▸ Exercise directions
Below is a listing. Copy each line of it that holds the word "from".

▸ Data provided
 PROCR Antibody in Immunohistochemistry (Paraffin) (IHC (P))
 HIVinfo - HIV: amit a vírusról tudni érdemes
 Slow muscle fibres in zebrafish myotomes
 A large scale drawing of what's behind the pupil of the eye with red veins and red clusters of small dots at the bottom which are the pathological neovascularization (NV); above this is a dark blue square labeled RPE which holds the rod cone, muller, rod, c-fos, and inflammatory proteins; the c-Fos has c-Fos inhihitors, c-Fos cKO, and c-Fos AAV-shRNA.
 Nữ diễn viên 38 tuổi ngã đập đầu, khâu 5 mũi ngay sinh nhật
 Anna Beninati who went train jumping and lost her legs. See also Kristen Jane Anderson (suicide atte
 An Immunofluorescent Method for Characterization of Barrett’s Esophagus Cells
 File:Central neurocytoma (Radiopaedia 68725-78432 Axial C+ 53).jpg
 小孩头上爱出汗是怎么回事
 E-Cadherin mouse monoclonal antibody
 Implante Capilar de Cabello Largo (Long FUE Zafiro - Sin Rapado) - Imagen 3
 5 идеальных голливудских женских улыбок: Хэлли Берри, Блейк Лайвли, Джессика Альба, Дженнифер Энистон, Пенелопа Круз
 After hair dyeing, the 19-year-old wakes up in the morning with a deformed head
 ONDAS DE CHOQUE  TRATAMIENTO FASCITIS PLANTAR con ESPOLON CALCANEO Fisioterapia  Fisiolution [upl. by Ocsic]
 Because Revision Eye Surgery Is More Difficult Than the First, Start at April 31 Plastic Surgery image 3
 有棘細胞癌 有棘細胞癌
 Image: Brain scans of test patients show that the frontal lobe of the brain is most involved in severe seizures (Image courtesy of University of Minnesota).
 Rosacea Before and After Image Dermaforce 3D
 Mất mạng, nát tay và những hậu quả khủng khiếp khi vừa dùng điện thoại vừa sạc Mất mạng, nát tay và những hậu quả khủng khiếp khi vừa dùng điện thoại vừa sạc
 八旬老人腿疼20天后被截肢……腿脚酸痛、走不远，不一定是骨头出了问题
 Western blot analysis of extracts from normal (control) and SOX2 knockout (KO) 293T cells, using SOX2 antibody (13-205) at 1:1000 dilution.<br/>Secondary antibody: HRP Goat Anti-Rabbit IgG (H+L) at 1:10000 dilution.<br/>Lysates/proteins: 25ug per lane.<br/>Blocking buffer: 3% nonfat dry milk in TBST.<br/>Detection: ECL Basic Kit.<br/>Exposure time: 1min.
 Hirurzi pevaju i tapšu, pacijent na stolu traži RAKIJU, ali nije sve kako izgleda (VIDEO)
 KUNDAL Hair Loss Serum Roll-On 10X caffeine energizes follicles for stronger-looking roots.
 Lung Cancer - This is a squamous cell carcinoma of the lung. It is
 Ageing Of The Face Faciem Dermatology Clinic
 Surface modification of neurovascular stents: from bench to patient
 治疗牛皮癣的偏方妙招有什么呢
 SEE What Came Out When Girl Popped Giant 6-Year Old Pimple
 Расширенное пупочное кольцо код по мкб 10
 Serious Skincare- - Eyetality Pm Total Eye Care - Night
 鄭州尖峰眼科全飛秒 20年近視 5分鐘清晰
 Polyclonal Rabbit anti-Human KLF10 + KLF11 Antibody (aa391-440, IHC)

▸ The completed task
 Western blot analysis of extracts from normal (control) and SOX2 knockout (KO) 293T cells, using SOX2 antibody (13-205) at 1:1000 dilution.<br/>Secondary antibody: HRP Goat Anti-Rabbit IgG (H+L) at 1:10000 dilution.<br/>Lysates/proteins: 25ug per lane.<br/>Blocking buffer: 3% nonfat dry milk in TBST.<br/>Detection: ECL Basic Kit.<br/>Exposure time: 1min.
 Surface modification of neurovascular stents: from bench to patient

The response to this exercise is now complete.